Nenhum idoso necessitava de ajuda para alimentar-se.

 

DISCUSSÃO

A média de idade dos idosos da área coberta pela ESF é semelhante à encontrada para o Brasil. Também foi evidenciado maior percentual de mulheres, como no restante do país.17

Pôde-se perceber que a população em estudo, na sua maioria, era composta por idosos na faixa etária entre 60 e 69 anos, casados, com rendimento mensal variando entre um e meio a dois salários mínimos, advindo da aposentadoria.

Com relação ao estado nutricional, observou-se que mais da metade apresentava alterações em relação ao peso, sendo maior o percentual de idosos com baixo peso, o que contradiz alguns estudos em que o sobrepeso é predominante.18 Segundo alguns autores,19 o baixo peso excessivo está mais associado à mortalidade que o sobrepeso nesse grupo. Destaca-se, entretanto, que mais de um quarto dos idosos apresentou sobrepeso, o que é preocupante, uma vez que se sabe que quando comparados aos indivíduos com normopeso, aqueles com sobrepeso possuem maior risco de desenvolver diabetes mellitus (DM),20 dislipidemia21 e hipertensão arterial (HAS).20,22 condições que favorecem o desenvolvimento de doenças cardiovasculares (DCV).21

Quando separado por sexo, as idosas apresentaram maior índice de sobrepeso, como pode ser confirmado pela literatura.23, 24

Neste estudo, o percentual de mulheres com a RCQ acima do ponto de corte foi elevado, sendo a maioria classificada como obesidade do tipo andróide. O achado difere da literatura, uma vez que, consensualmente, a obesidade ginóide é uma característica mais feminina e a andróide, mais masculina.25,26 Entretanto, há autores27 que apontam para a limitação do uso desse indicador para idosos, uma vez que não há pontos de corte específicos para esta população e que os utilizados são preconizados para os adultos jovens.

As questões da capacidade funcional e autonomia do idoso podem ser mais importantes que a própria questão da morbidade, pois se relacionam diretamente à qualidade de vida.28 No País, 25,0% dos idosos necessitam de algum tipo de ajuda para realizar as AVDs.29 Neste estudo, o percentual de idosos com dependência foi inferior ao do País, porém, foi encontrado elevado número de idosos com incontinência urinária, estando esta associada ao estado nutricional.
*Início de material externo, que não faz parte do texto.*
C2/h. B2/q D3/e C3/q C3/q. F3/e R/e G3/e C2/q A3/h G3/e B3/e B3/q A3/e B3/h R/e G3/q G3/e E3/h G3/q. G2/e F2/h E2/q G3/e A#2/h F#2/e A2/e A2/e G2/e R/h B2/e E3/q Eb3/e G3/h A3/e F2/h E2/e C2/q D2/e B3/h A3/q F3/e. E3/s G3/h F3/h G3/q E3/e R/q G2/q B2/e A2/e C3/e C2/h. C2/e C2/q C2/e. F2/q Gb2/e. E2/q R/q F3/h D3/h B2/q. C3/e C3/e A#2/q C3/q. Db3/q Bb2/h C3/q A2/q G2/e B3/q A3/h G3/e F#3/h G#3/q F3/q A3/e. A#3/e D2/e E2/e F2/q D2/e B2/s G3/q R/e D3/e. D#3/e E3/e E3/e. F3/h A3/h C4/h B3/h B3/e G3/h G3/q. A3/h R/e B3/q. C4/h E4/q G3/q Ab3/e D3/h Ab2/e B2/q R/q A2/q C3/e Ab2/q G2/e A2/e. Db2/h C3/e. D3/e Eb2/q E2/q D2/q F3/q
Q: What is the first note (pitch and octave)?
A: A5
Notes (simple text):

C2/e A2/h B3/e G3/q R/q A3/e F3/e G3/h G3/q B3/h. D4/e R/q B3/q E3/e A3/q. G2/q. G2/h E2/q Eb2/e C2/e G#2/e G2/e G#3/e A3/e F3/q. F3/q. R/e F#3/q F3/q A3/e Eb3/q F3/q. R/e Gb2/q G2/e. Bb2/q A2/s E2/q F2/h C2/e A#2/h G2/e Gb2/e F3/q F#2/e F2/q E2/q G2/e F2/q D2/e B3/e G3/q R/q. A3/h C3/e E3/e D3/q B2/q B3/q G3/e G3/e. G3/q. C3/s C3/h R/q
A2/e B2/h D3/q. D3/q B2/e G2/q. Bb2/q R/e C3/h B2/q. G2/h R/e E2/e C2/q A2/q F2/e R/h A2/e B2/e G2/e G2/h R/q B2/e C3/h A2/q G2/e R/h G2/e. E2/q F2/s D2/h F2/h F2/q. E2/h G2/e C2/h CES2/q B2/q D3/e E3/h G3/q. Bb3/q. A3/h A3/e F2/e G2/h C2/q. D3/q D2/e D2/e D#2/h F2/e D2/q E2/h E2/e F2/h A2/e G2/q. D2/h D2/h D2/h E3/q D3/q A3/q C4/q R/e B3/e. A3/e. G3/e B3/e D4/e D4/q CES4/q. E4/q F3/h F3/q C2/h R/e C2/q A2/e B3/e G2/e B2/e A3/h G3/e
Esse fato merece atenção, uma vez que a incontinência urinária pode estar associada a infecções do trato urinário, ao diabetes mellitus, às doenças do sistema nervoso central, dentre outras.30 Destaque-se, ainda, que muitos idosos começam a lidar com problemas de ordem psicossocial (depressão, isolamento social, rejeição da família e perda da confiança, dentre outras) a partir dos episódios ocasionais.

 

CONCLUSÃO

Neste estudo, observou-se que mais da metade dos idosos tinham algum tipo de problema nutricional e que a maioria era independente. Conclui-se, assim, que para o grupo estudado há necessidade de trabalhar com o monitoramento do peso e a promoção da alimentação saudável com o referido grupo.